--- EXERCISE DIRECTIONS ---
Set down all the lines below, each one exactly as shown.

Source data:

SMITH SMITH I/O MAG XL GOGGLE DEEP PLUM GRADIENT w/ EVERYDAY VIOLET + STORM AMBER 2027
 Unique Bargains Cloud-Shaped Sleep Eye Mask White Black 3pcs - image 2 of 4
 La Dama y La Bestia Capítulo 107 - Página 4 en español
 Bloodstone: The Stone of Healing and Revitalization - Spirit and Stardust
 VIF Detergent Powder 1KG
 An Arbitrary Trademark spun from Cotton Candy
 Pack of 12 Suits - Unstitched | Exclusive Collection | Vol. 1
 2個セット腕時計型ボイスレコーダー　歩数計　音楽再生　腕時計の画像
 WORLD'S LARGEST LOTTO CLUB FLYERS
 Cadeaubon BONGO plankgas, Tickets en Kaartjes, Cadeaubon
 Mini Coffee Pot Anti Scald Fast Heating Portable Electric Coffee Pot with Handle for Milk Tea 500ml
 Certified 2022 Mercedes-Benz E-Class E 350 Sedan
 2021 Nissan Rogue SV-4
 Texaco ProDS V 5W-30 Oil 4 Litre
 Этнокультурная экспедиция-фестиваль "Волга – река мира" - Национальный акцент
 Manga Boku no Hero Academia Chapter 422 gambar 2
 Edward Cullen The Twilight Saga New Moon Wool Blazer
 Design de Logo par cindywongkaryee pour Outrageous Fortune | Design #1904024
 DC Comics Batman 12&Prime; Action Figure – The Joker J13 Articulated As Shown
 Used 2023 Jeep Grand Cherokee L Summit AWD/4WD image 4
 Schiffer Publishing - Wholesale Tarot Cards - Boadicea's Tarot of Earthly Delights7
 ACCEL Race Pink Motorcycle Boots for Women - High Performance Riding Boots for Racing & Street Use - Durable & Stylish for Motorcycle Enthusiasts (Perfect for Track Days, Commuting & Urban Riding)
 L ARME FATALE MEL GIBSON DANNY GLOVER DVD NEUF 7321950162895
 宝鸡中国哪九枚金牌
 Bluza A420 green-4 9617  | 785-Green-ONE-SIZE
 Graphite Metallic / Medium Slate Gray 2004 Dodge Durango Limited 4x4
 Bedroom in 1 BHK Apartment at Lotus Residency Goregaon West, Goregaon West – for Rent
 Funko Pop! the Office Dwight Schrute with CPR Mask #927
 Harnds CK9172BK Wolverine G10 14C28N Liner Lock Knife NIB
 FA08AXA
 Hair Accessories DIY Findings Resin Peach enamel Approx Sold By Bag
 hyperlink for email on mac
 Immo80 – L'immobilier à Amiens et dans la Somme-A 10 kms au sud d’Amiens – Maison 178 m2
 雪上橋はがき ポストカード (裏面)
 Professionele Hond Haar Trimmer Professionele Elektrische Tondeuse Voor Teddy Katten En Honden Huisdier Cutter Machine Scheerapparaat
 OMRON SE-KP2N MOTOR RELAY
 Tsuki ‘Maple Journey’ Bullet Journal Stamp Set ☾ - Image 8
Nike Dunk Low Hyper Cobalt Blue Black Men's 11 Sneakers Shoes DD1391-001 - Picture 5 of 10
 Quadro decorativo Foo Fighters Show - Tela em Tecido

--- EXERCISE RESPONSE ---
SMITH SMITH I/O MAG XL GOGGLE DEEP PLUM GRADIENT w/ EVERYDAY VIOLET + STORM AMBER 2027
 Unique Bargains Cloud-Shaped Sleep Eye Mask White Black 3pcs - image 2 of 4
 La Dama y La Bestia Capítulo 107 - Página 4 en español
 Bloodstone: The Stone of Healing and Revitalization - Spirit and Stardust
 VIF Detergent Powder 1KG
 An Arbitrary Trademark spun from Cotton Candy
 Pack of 12 Suits - Unstitched | Exclusive Collection | Vol. 1
 2個セット腕時計型ボイスレコーダー　歩数計　音楽再生　腕時計の画像
 WORLD'S LARGEST LOTTO CLUB FLYERS
 Cadeaubon BONGO plankgas, Tickets en Kaartjes, Cadeaubon
 Mini Coffee Pot Anti Scald Fast Heating Portable Electric Coffee Pot with Handle for Milk Tea 500ml
 Certified 2022 Mercedes-Benz E-Class E 350 Sedan
 2021 Nissan Rogue SV-4
 Texaco ProDS V 5W-30 Oil 4 Litre
 Этнокультурная экспедиция-фестиваль "Волга – река мира" - Национальный акцент
 Manga Boku no Hero Academia Chapter 422 gambar 2
 Edward Cullen The Twilight Saga New Moon Wool Blazer
 Design de Logo par cindywongkaryee pour Outrageous Fortune | Design #1904024
 DC Comics Batman 12&Prime; Action Figure – The Joker J13 Articulated As Shown
 Used 2023 Jeep Grand Cherokee L Summit AWD/4WD image 4
 Schiffer Publishing - Wholesale Tarot Cards - Boadicea's Tarot of Earthly Delights7
 ACCEL Race Pink Motorcycle Boots for Women - High Performance Riding Boots for Racing & Street Use - Durable & Stylish for Motorcycle Enthusiasts (Perfect for Track Days, Commuting & Urban Riding)
 L ARME FATALE MEL GIBSON DANNY GLOVER DVD NEUF 7321950162895
 宝鸡中国哪九枚金牌
 Bluza A420 green-4 9617  | 785-Green-ONE-SIZE
 Graphite Metallic / Medium Slate Gray 2004 Dodge Durango Limited 4x4
 Bedroom in 1 BHK Apartment at Lotus Residency Goregaon West, Goregaon West – for Rent
 Funko Pop! the Office Dwight Schrute with CPR Mask #927
 Harnds CK9172BK Wolverine G10 14C28N Liner Lock Knife NIB
 FA08AXA
 Hair Accessories DIY Findings Resin Peach enamel Approx Sold By Bag
 hyperlink for email on mac
 Immo80 – L'immobilier à Amiens et dans la Somme-A 10 kms au sud d’Amiens – Maison 178 m2
 雪上橋はがき ポストカード (裏面)
 Professionele Hond Haar Trimmer Professionele Elektrische Tondeuse Voor Teddy Katten En Honden Huisdier Cutter Machine Scheerapparaat
 OMRON SE-KP2N MOTOR RELAY
 Tsuki ‘Maple Journey’ Bullet Journal Stamp Set ☾ - Image 8
Nike Dunk Low Hyper Cobalt Blue Black Men's 11 Sneakers Shoes DD1391-001 - Picture 5 of 10
 Quadro decorativo Foo Fighters Show - Tela em Tecido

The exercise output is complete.